Martina agradeció su insistencia, pero volvió a declinar la invitación. El sargento presumió:
– Ese crimen y el de Santos Hernández pueden guardar relación con el tráfico de estupefacientes. Antes o después, los escarmientos y ajustes de cuentas tenían que llegar incluso a este lugar apartado del ojo de Dios.
– ¿Está sugiriendo que Dimas Golbardo y Santos Hernández formaban parte de un cártel?
– Sería prematuro afirmarlo, pero en los últimos tiempos hemos interceptado alijos de cierta importancia. No hace mucho, si recuerda, abordamos aquel mercante de bandera albanesa que transportaba quinientos kilogramos de coca. Estaba a punto de desembarcar la mercancía. Necesariamente tenía que contar con secuaces en tierra, pero nadie cantó. Ese pelo se nos quedó en la gatera.

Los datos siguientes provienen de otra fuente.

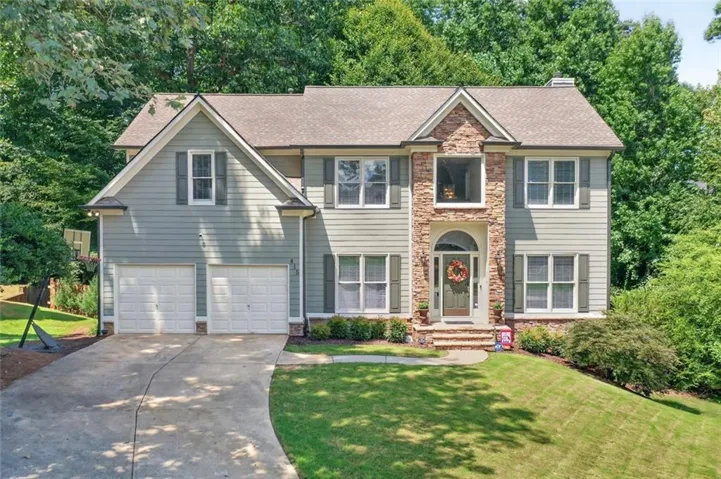 415 Havenmist Landing, Suwanee, Georgia 30024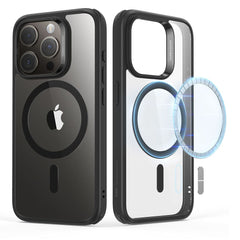 KRYT ESR CH HALOLOCK MAGSAFE IPHONE 15 PRO MAX CLEAR/BLACK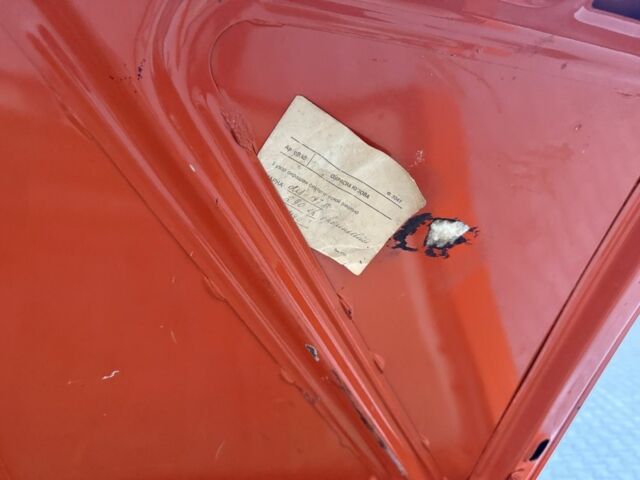 ВАЗ 2106 1992 в Кривом Роге на Automoto.ua Оранжевый ВАЗ 2106, объемом двигателя 1.6 л и пробегом 99 тыс. км за 1100 $, фото 13 на Automoto.ua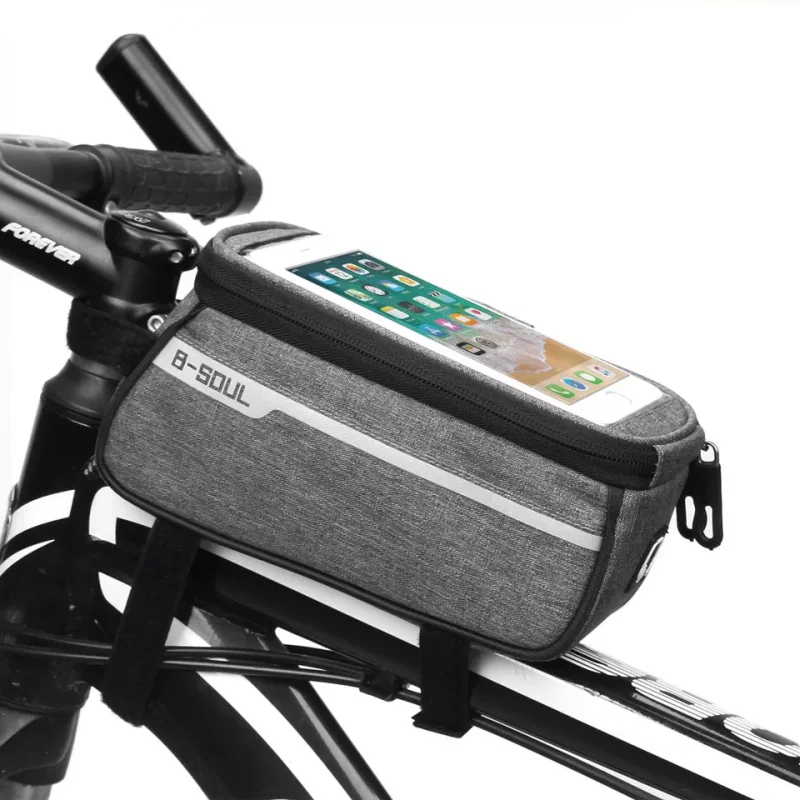 Torba rowerowa na telefon z ek – Mountain Biking Bag recenzja i cena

Martina tenía conocimiento de esa acción gracias al dossier de Horacio Muñoz. Además de las aprehensiones de alijos, el archivero había elaborado un informe de la actividad criminal en la costa, a partir de los años cincuenta. En total, había inventariado tres asesinatos, ninguno de ellos debido al narcotráfico. Tales homicidios abundaban en los estigmas del crimen rural, a cuyo clásico esquema se remitían sus móviles. Pleitos familiares, retorcidos litigios de lindes o servidumbres de paso que acabaron resolviéndose, sin previo aviso, con el estampido de una escopeta de caza.